> **What you have to do**
In your copy, include every line of the listing below exactly but none of the pictures.

> **Dataset excerpt**
:::::
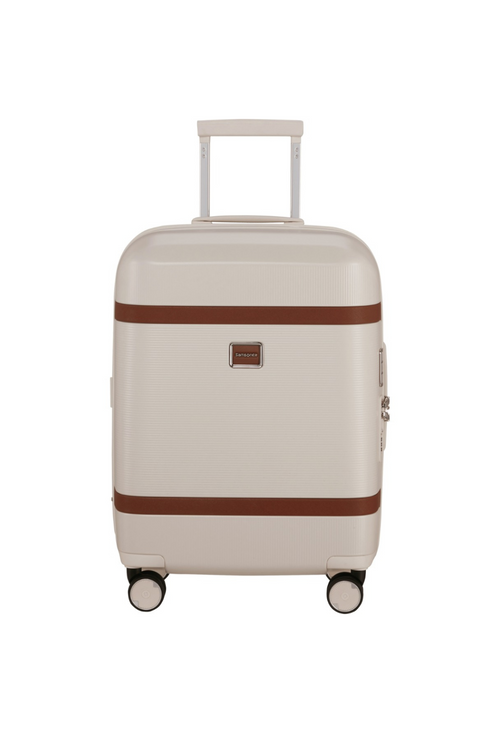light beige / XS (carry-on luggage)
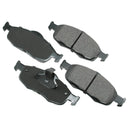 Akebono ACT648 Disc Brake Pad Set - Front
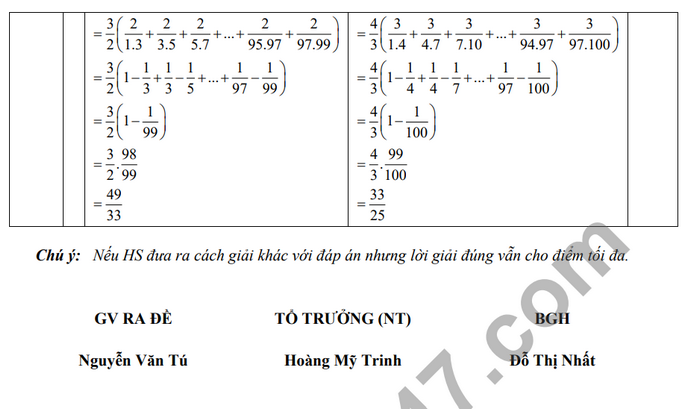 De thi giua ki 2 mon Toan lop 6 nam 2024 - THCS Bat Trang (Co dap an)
:::::
> **Your solution**
light beige / XS (carry-on luggage)
 Akebono ACT648 Disc Brake Pad Set - Front
 De thi giua ki 2 mon Toan lop 6 nam 2024 - THCS Bat Trang (Co dap an)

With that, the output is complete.